The point of Brooks column is that he is concerned that the stimulus package, which appears to be turning politicians into businessmen, will have adverse effects on the business world. I agree with Brooks that there is a line between business and politics that should be drawn. On the other hand, there must be some understanding between the business and government sectors so that good policies and legislation can be enacted. Finding the right course that fosters government support without triggering government interference is one of the subjects that I deal with when promoting Development-in-a-Box™. Brooks’ column focused on the characteristics of good business leaders. Washington Post staff writer Steve Vogel examines the characteristics of good government leaders [“Money’s Nice, but a Good Boss Is Better,” 20 May 2009]. Unlike Brooks, who judged the qualities of business leaders from the success of their companies, Vogel examines the qualities of government leaders as judged by their subordinates. As one might imagine, how a stockholder views a leader is much different than how an employee views a leader. I suspect that employees in the commercial and government sectors view their bosses pretty much the same. Vogel writes:

“When it comes to sizing up the quality of their workplaces, federal workers value strong leadership and straight answers from their bosses more than even pay and benefits, according to a new comprehensive study of the federal workforce.”

According to the study, the Nuclear Regulatory Commission is the best place to work in the federal government. Why? “Because senior management takes the time to listen to the staff.” Remember, that characteristic was not “very important when it comes to leading successful companies,” according to Brooks. That’s the conundrum that faces leaders. According to Vogel, agencies that received the lowest ratings included the Transportation Department, the National Archives and Records Administration, the Homeland Security Department and the Education Department.

“What separates these agencies in the minds of their employees is often the senior leadership, how well or poorly it shares information with subordinates, and the training and opportunities it provides workers. … ‘The challenge is for government managers to do a better job of communicating,’ said John Palguta, vice president for policy for the group. ‘Communicate, communicate, communicate. It’s like real estate.’ … Fewer than half of federal workers, 48 percent, are satisfied with the information they receive from superiors about what is happening in their organizations, a number that trails the private sector by 18 percentage points.”

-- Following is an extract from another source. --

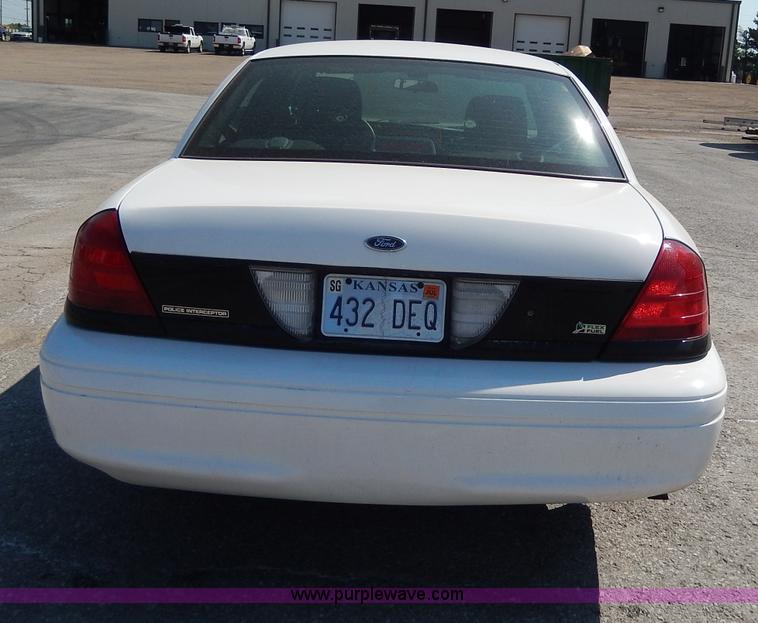 image for item H9738 2011 Ford Crown Victoria Police Interceptor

I believe there is a way to reconcile Brooks’ observations with those of the government study. In large corporations headed by the CEOs described by Brooks, there are people whose job it is to ensure that employees understand what is going on and the direction the company is taking. The government generally has no such individual or group. In small and mid-size companies, good CEOs must often assume that role themselves. In my mid-size company, for example, I periodically get employees together and personally fill them in all everything that is happening. I try to ensure that they know what’s going and also instill in them my sense of enthusiasm for the way ahead. The bottom line is that even though Brooks doesn’t believe that communication is a critical skill for a CEO, I’m sure he would argue that good communication is an important characteristic for an organization as a whole.